I was in Bialka for new year. A bit of a nightmare initially until i realized I liked the mulled wine and that riding by night was fun. 
My wife is from Gliwice. 
I am actually boarding the plane to Katowice at the moment but not planning to ride this weekend. 
We go to Alpes d Huez in 2 weeks if all goes well. 
I have seen jokes about this toilet paper issue. Humour is our best friend at the moment.


----------



## Yeahti87 (Jan 17, 2019)

Haha even a freak like me knows to pass on the New Year’s break. During the high season keep on drinking the mulled wine during the day but be sober around 6 P.M there. It gets icy but the slope gets empty.
If they don’t close Bialka I’ll be there and if you changed your plans and wanted to ride let me know, I can take one of my boards and bindings.


----------



## LeDe (May 16, 2018)

Thanks for the proposal! 
I am working from home tomorrow and will see what I can negotiate with wife and in-laws. 
It is a bit of a drive from Gliwice but I'd be great to ride with you. 
What is your plan? Saturday? Sunday? Both?


----------



## Yeahti87 (Jan 17, 2019)

Both if open, the weather should be nice. There is no governmental ban yet and they seem to be willing to keep it open. Let’s see what they decide tomorrow and keep in touch in PM ??


----------



## dudi_wroc (Dec 18, 2018)

LeDe said:


> Thanks again @Yeahti87 and @dudi_wroc!
> 
> I was thinking to wait next year and see if I can stop my shopping spree but I may snap and order them this weekend.
> 
> May I ask where you both ride from Poland?

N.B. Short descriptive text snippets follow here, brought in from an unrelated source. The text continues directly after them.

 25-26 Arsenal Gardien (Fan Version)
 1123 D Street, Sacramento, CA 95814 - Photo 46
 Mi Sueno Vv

Like You I don't like traffic at Polish slopes. 
Sometimes I go to Szklarska Poreba (but only very first morning and if there is lot of snow and all slopes are open)
Sometimes Zieleniec or Czarna Gora but those are also crowded during weekend and holidays, during week is much better.
On south, i like to ride Krynica Slotwiny it's a mellow slope quite wide and with decent amount of people or Magura Malostowska (more intresting slope and not crowded, but lots of small stones, so there must be lot of snow)
In Bialka i was for the first time with @Yeahti87. 

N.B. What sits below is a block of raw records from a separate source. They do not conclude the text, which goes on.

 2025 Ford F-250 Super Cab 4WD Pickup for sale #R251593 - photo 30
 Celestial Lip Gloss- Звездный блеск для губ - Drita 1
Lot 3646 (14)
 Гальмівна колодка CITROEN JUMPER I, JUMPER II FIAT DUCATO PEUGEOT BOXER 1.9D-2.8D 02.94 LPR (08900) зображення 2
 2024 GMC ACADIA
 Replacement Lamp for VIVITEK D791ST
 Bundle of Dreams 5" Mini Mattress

Now i live in lower silesian district, so it's quite close to Czech Republic and they have more snow and better infrastructure.
(Spindlerovy Mlyn or Janskie Laznie)

But 90 % of my riding are Alps, if you compare it to Polish reality, for me its better to make 2 trips to Alps than struggling on a polish slopes.
But I also try to make as much i Can night riding at Poland, I find it the best way to shred with no traffic. 

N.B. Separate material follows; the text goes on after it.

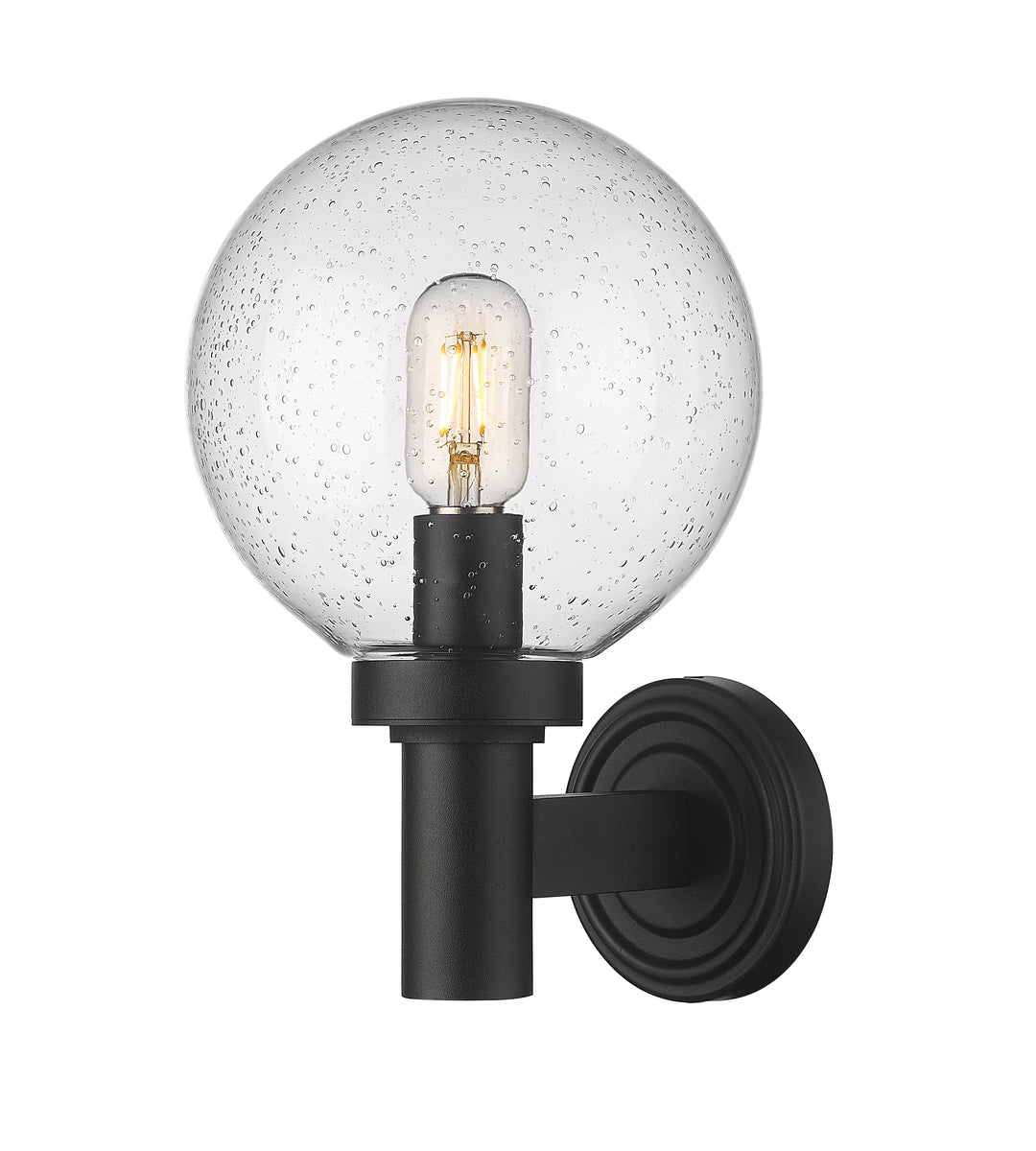 Laurent - Outdoor Wall Light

Btw ... Last seasons sucks because i have small kids ..


----------



## Gouldy (Jan 13, 2020)

I have the Rome Targa's which are slightly stiffer and have nearly all the same tech as the Katana's on an Amplid Creamer and they are pretty epic. The shear amount of customisation is pretty good but did take a couple days to get them proper dialled in experimenting with the settings. Other advantage you can the dial them out towards the end of the day for a softer ride too.


----------



## Yeahti87 (Jan 17, 2019)

Gouldy said:


> I have the Rome Targa's which are slightly stiffer and have nearly all the same tech as the Katana's on an Amplid Creamer and they are pretty epic. The shear amount of customisation is pretty good but did take a couple days to get them proper dialled in experimenting with the settings. Other advantage you can the dial them out towards the end of the day for a softer ride too.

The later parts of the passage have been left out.